*EXERCISE GOAL*: Could you repeat every record below exactly, leaving out the pictures?

RECORD SET START

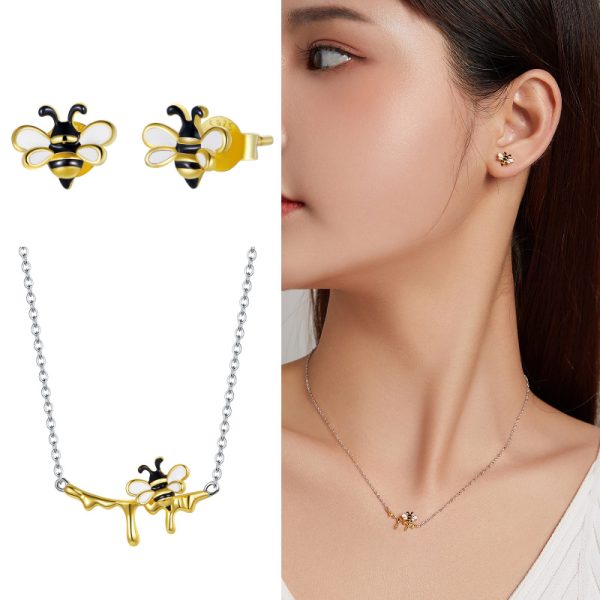 Real Gold Plated Small Bee Earrings Necklace Set, Garden Style Insect S925 Silver Jewelry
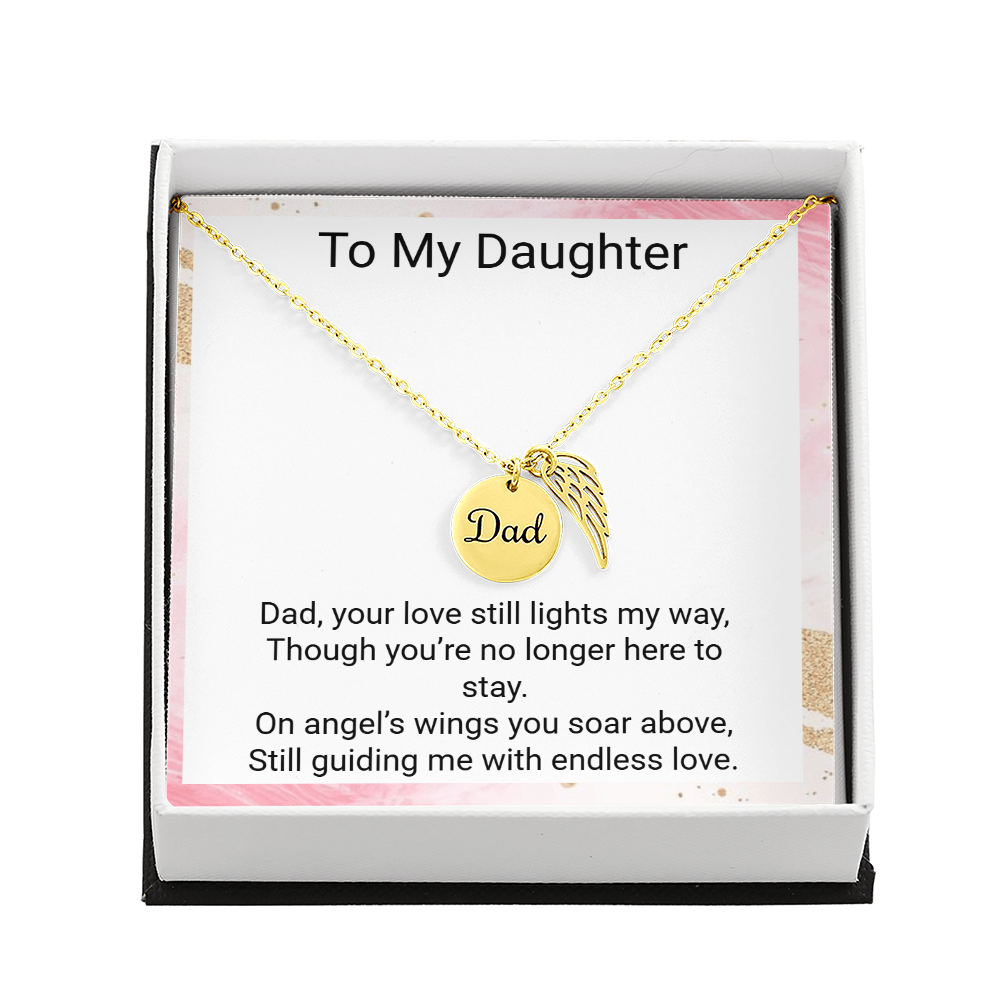 Daughter Memorial Necklace from Mum – Angel Wing Dad Remembrance Gift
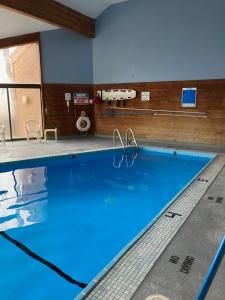 Bellaire2 Bedroom Cozy Shanty Creek Condo的蓝色海水大型游泳池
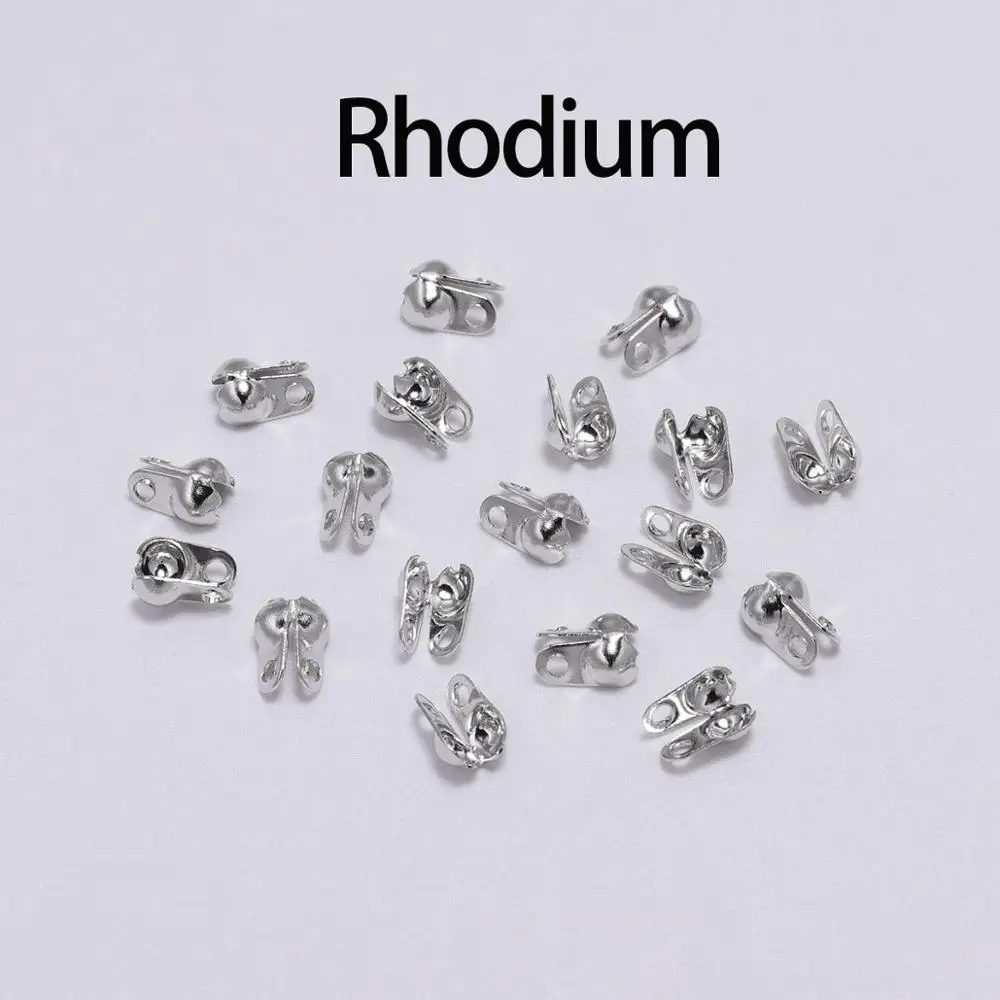 Rhodium 200 шт 1,5 2,4 3,2 мм серебристо-золотые медные бусины, бусины, подходят для шаровой цепи, застежка, разъемы для изготовления ювелирных изделий своими руками - Цвет: Rhodium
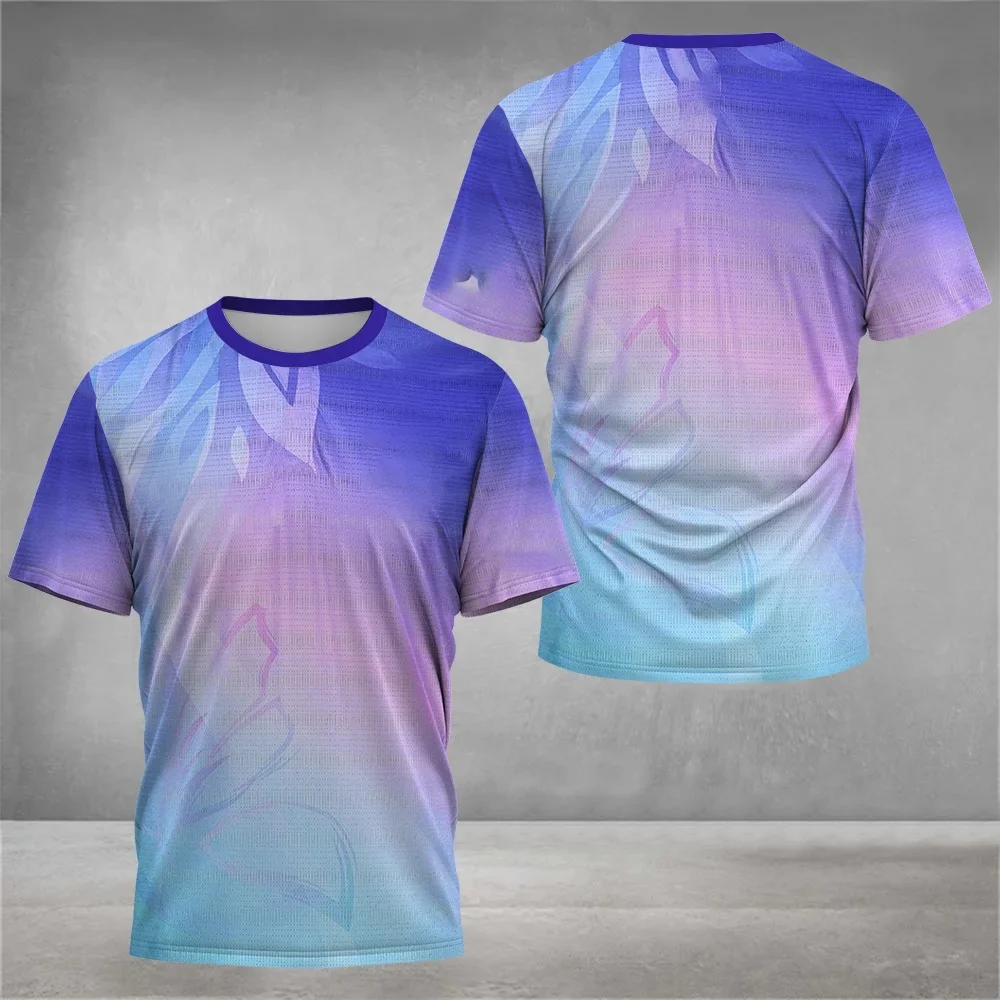 New Bright Color 3D Printing Sports T-shirt Comfortable Breathable Casual Short Sleeved Round Neck Apparel for Adult and Child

RECORD SET END

*ANSWER FOR THIS EXERCISE*:
 Real Gold Plated Small Bee Earrings Necklace Set, Garden Style Insect S925 Silver Jewelry
 Daughter Memorial Necklace from Mum – Angel Wing Dad Remembrance Gift
 Bellaire2 Bedroom Cozy Shanty Creek Condo的蓝色海水大型游泳池
 Rhodium 200 шт 1,5 2,4 3,2 мм серебристо-золотые медные бусины, бусины, подходят для шаровой цепи, застежка, разъемы для изготовления ювелирных изделий своими руками - Цвет: Rhodium
 New Bright Color 3D Printing Sports T-shirt Comfortable Breathable Casual Short Sleeved Round Neck Apparel for Adult and Child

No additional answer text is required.